More rain at the end of day 2

Ben Fino Radin from the Museum of Modern Art in "More Data, More Problems: Designing Efficient Workflows at Petabyte Scale" highlighted the challenges of digitising their time-based media holdings and shared some calculations around how much digital storage space would be required if they were to digitise all of their analogue holdings. This again really highlighted some big issues and questions around digital preservation. When working with large collections, organisations need to prioritise and compromise and these decisions can not be taken lightly. This theme was picked up again on day 3 in the session around environmental sustainability.

The lightning talks on the afternoon of the second day were also of interest. Great to hear from such a range of practitioners.... though I did feel guilty that I didn't volunteer to give one myself! Next time!

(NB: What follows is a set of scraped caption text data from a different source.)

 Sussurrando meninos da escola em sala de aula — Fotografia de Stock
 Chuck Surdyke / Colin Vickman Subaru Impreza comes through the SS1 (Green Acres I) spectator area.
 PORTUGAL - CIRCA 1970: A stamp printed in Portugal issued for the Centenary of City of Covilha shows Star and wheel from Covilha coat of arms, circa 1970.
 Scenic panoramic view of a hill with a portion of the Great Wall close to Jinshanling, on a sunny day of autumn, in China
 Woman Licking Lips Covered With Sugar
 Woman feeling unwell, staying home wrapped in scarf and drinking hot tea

On the morning of day 3 we were treated to an excellent presentation by Dragan Espenschied from Rhizome who showed us Webrecorder. Webrecorder is a new open source tool for creating web archives. It uses a single system both for initial capture and subsequent access. One of its many strengths appears to be the ability to capture dynamic websites as you browse them and it looks like it will be particularly useful for websites that are also digital artworks. This is definitely one to watch!

MOMA again!

Also on day 3 was a really interesting session on environmental responsibility and sustainability. This was one of the reasons that PASIG made me think...this is not the sort of stuff we normally talk about so it was really refreshing to see a whole session dedicated to it.

Eira Tansey from the University of Cincinnati gave a very thought provoking talk with a key question for us to think about - why do we continue to buy more storage rather than appraise? This is particularly important considering the environmental costs of continuing to store more and more data of unknown value.

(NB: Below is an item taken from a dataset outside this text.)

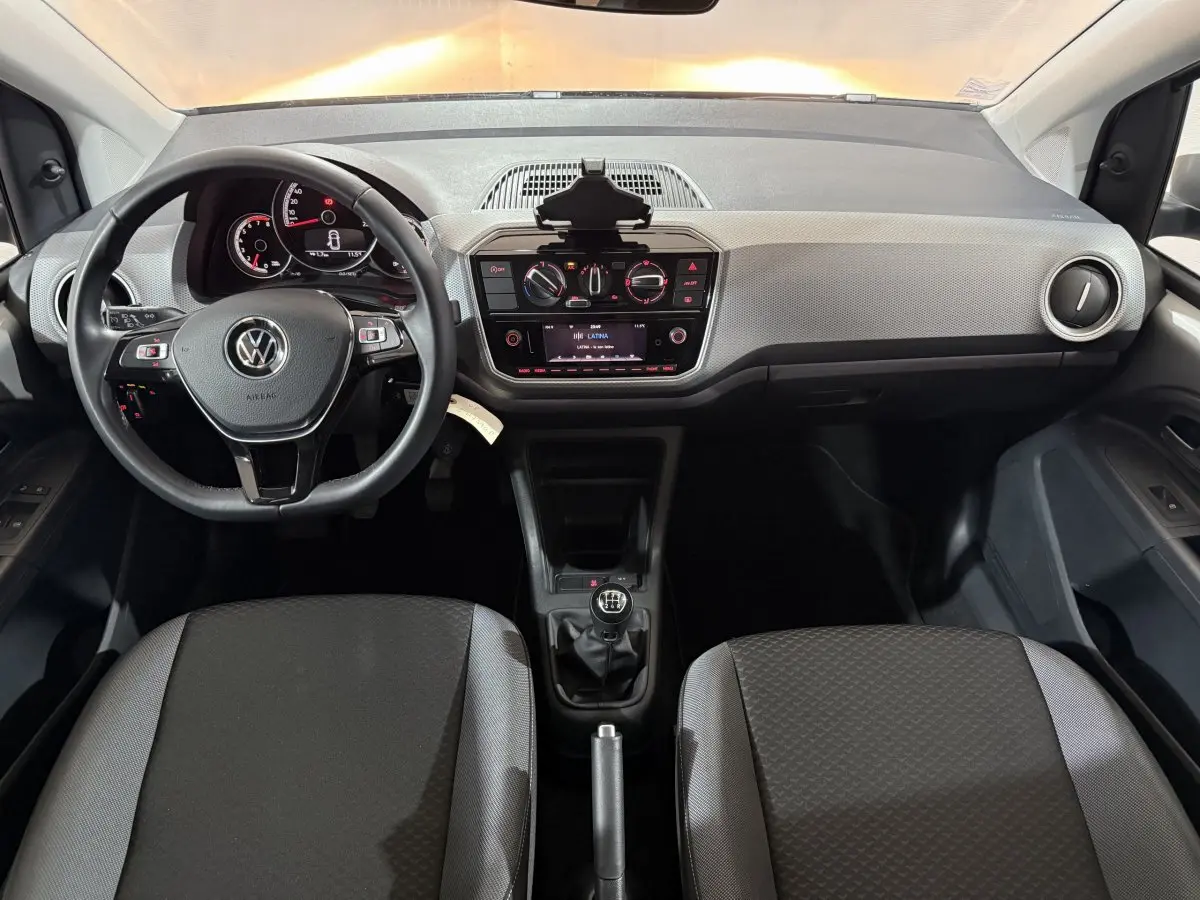 Vue intérieure frontale du tableau de bord gris clair et noir de la Volkswagen Up 1.0 65 Active avec volant cuir et boîte manuelle.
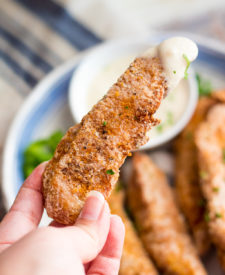 Garlic Parmesan Crispy Chicken Tenders have a secret ingredient to make them the crispiest chicken tenders, with a creamy garlic parm sauce for dipping!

Ben Goldman of Penn State University also picked up this theme, looking at the carbon footprint of digital preservation. He pointed out the paradox in the fact we are preserving data for future generations but we are powering this work with fossil fuels. Is preserving the environment not going to be more important to future generations than our digital data? He suggested that we consider the long term impacts of our decision making and look at our own professional assumptions. Are there things that we do currently that we could do with less impact? Are we saving too many copies of things? Are we running too many integrity checks? Is capturing a full disk image wasteful? He ended his talk by suggesting that we should engage in a debate about the impacts of what we do.

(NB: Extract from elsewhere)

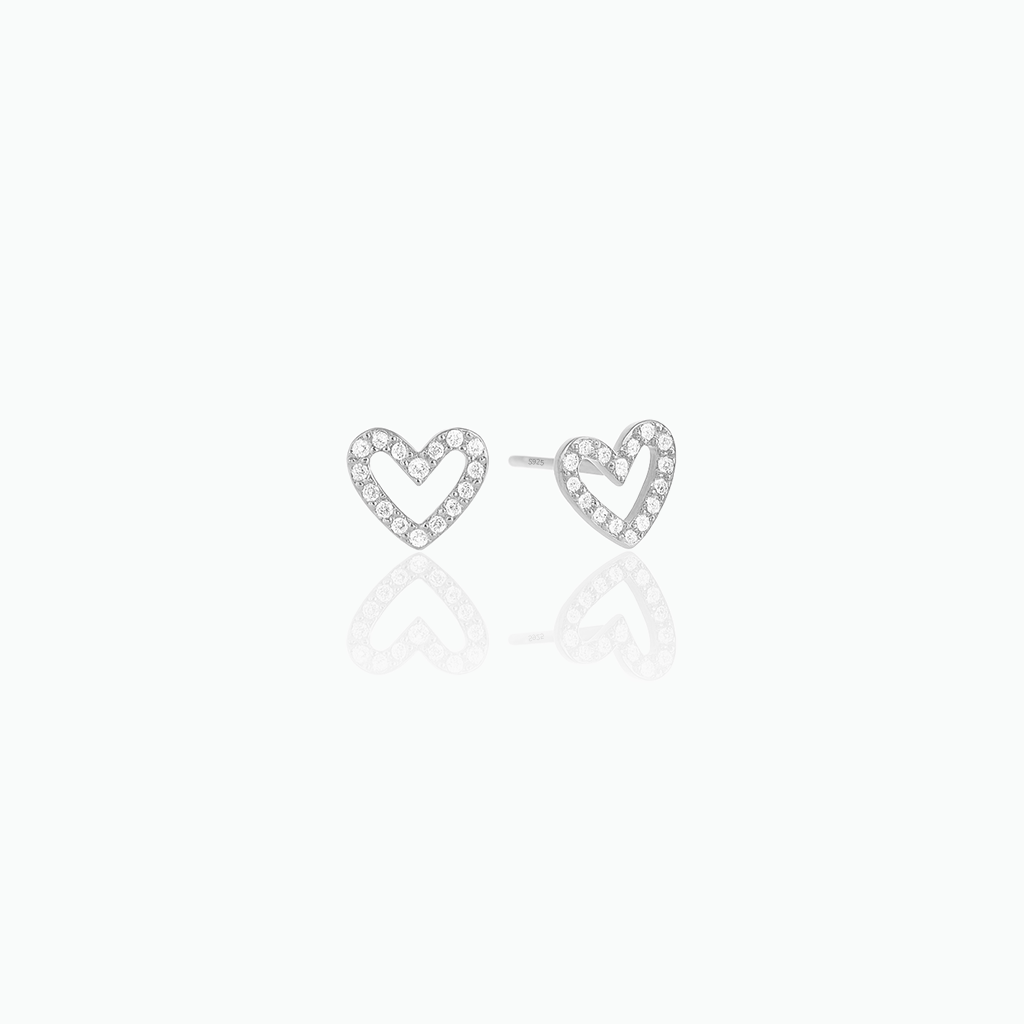 Silver-tone open heart stud earrings with clear stones displayed on a white background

Amelia Acker from the University of Texas at Austin presented another interesting perspective on digital preservation in mobile networks, asking how our collections will change as we move from an information society to a networked era and how mobile phones change the ways we read, write and create the cultural record. The atomic level of the file is no longer there on mobile devices. Most people don't really know where the actual data is on their phones or tablets, they can't show you the file structure. Data is typically tied up with an app and stored in the cloud and apps come and go rapidly. There are obvious preservation challenges here! She also mentioned the concept of the legacy contact on Facebook...something which had passed me by, but which will be of interest to many of us who care about our own personal digital legacy.

Yes, there really is steam coming out of the pavements in NYC

The stand out presentation of the conference for me was "Invisible Defaults and Percieved Limitations: Processing the Juan Gelman Files" from Eliva Arroyo-Ramirez from Princeton University. She described the archive of Juan Gelman, an Argentinian poet and human rights activist. Much of the archive was received on floppy disks and included documents relating to his human rights work and campaigns for the return of his missing son and daughter-in-law. The area she focused on within her talk was about how we preserve files with accented characters in the file names.

Diacritics can cause problems when trying to open the files or use our preservation tools (for example Bagger). When she encountered problems like these she put a question out to the digital preservation community asking how to solve the problem and she was grateful to receive so many responses but at the same time was concerned about the language used. It was suggested that she 'scrub', 'clean' or 'detox' the file names in order to remove the 'illegal characters' but she was concerned that our attitudes towards accented characters further marginalises those who do not fit into our western ideals.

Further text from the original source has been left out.